- Work instruction -
Print the listing below again. Change nothing.

- Provided records -

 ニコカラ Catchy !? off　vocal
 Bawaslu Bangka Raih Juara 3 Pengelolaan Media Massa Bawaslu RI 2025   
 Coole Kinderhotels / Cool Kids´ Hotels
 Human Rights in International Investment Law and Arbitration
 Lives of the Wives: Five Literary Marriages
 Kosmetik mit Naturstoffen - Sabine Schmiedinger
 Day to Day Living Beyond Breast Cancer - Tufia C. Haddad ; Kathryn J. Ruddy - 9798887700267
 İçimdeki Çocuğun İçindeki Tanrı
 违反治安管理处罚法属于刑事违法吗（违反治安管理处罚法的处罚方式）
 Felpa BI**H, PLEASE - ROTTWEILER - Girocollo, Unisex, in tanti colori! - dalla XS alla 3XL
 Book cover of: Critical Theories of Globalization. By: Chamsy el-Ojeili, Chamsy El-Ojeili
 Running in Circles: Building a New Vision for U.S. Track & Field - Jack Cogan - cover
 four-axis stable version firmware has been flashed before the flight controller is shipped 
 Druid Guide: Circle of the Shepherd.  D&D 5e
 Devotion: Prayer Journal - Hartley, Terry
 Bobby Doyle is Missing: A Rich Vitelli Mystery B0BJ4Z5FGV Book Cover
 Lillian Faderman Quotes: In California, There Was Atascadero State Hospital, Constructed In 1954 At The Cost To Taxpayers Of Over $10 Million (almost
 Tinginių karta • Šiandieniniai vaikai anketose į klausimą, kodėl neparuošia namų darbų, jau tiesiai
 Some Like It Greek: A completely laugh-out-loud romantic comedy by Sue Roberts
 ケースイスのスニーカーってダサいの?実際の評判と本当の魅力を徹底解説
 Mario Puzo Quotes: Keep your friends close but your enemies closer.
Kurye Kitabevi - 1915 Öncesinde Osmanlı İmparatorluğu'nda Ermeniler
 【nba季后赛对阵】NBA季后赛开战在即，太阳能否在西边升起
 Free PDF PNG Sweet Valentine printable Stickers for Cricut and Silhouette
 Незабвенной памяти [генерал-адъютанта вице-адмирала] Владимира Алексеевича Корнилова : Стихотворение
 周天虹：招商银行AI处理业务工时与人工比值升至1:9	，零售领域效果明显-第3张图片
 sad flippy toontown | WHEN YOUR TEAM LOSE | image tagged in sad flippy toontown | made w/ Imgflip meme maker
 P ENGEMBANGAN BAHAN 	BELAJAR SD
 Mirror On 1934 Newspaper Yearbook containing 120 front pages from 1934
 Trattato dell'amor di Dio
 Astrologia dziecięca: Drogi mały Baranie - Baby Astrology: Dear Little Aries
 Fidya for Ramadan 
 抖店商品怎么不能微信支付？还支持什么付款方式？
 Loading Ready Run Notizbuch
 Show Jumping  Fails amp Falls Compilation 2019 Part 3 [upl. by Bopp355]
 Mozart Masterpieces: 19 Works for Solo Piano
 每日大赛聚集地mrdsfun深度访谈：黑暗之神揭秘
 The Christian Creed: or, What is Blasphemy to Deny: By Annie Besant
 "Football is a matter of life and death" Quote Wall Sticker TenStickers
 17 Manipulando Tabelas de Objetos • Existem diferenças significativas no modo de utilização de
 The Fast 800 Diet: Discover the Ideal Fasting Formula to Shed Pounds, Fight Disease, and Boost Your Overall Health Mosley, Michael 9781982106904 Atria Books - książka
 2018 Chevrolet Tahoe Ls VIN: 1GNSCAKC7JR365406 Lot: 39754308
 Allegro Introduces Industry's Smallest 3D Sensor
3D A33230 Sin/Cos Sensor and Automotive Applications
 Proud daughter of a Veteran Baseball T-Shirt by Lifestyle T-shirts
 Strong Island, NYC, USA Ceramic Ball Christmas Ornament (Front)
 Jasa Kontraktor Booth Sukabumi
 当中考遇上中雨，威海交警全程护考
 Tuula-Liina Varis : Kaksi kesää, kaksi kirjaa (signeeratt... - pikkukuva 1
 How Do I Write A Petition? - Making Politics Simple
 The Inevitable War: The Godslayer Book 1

- Output for this task -
 ニコカラ Catchy !? off　vocal
 Bawaslu Bangka Raih Juara 3 Pengelolaan Media Massa Bawaslu RI 2025   
 Coole Kinderhotels / Cool Kids´ Hotels
 Human Rights in International Investment Law and Arbitration
 Lives of the Wives: Five Literary Marriages
 Kosmetik mit Naturstoffen - Sabine Schmiedinger
 Day to Day Living Beyond Breast Cancer - Tufia C. Haddad ; Kathryn J. Ruddy - 9798887700267
 İçimdeki Çocuğun İçindeki Tanrı
 违反治安管理处罚法属于刑事违法吗（违反治安管理处罚法的处罚方式）
 Felpa BI**H, PLEASE - ROTTWEILER - Girocollo, Unisex, in tanti colori! - dalla XS alla 3XL
 Book cover of: Critical Theories of Globalization. By: Chamsy el-Ojeili, Chamsy El-Ojeili
 Running in Circles: Building a New Vision for U.S. Track & Field - Jack Cogan - cover
 four-axis stable version firmware has been flashed before the flight controller is shipped 
 Druid Guide: Circle of the Shepherd.  D&D 5e
 Devotion: Prayer Journal - Hartley, Terry
 Bobby Doyle is Missing: A Rich Vitelli Mystery B0BJ4Z5FGV Book Cover
 Lillian Faderman Quotes: In California, There Was Atascadero State Hospital, Constructed In 1954 At The Cost To Taxpayers Of Over $10 Million (almost
 Tinginių karta • Šiandieniniai vaikai anketose į klausimą, kodėl neparuošia namų darbų, jau tiesiai
 Some Like It Greek: A completely laugh-out-loud romantic comedy by Sue Roberts
 ケースイスのスニーカーってダサいの?実際の評判と本当の魅力を徹底解説
 Mario Puzo Quotes: Keep your friends close but your enemies closer.
Kurye Kitabevi - 1915 Öncesinde Osmanlı İmparatorluğu'nda Ermeniler
 【nba季后赛对阵】NBA季后赛开战在即，太阳能否在西边升起
 Free PDF PNG Sweet Valentine printable Stickers for Cricut and Silhouette
 Незабвенной памяти [генерал-адъютанта вице-адмирала] Владимира Алексеевича Корнилова : Стихотворение
 周天虹：招商银行AI处理业务工时与人工比值升至1:9	，零售领域效果明显-第3张图片
 sad flippy toontown | WHEN YOUR TEAM LOSE | image tagged in sad flippy toontown | made w/ Imgflip meme maker
 P ENGEMBANGAN BAHAN 	BELAJAR SD
 Mirror On 1934 Newspaper Yearbook containing 120 front pages from 1934
 Trattato dell'amor di Dio
 Astrologia dziecięca: Drogi mały Baranie - Baby Astrology: Dear Little Aries
 Fidya for Ramadan 
 抖店商品怎么不能微信支付？还支持什么付款方式？
 Loading Ready Run Notizbuch
 Show Jumping  Fails amp Falls Compilation 2019 Part 3 [upl. by Bopp355]
 Mozart Masterpieces: 19 Works for Solo Piano
 每日大赛聚集地mrdsfun深度访谈：黑暗之神揭秘
 The Christian Creed: or, What is Blasphemy to Deny: By Annie Besant
 "Football is a matter of life and death" Quote Wall Sticker TenStickers
 17 Manipulando Tabelas de Objetos • Existem diferenças significativas no modo de utilização de
 The Fast 800 Diet: Discover the Ideal Fasting Formula to Shed Pounds, Fight Disease, and Boost Your Overall Health Mosley, Michael 9781982106904 Atria Books - książka
 2018 Chevrolet Tahoe Ls VIN: 1GNSCAKC7JR365406 Lot: 39754308
 Allegro Introduces Industry's Smallest 3D Sensor
3D A33230 Sin/Cos Sensor and Automotive Applications
 Proud daughter of a Veteran Baseball T-Shirt by Lifestyle T-shirts
 Strong Island, NYC, USA Ceramic Ball Christmas Ornament (Front)
 Jasa Kontraktor Booth Sukabumi
 当中考遇上中雨，威海交警全程护考
 Tuula-Liina Varis : Kaksi kesää, kaksi kirjaa (signeeratt... - pikkukuva 1
 How Do I Write A Petition? - Making Politics Simple
 The Inevitable War: The Godslayer Book 1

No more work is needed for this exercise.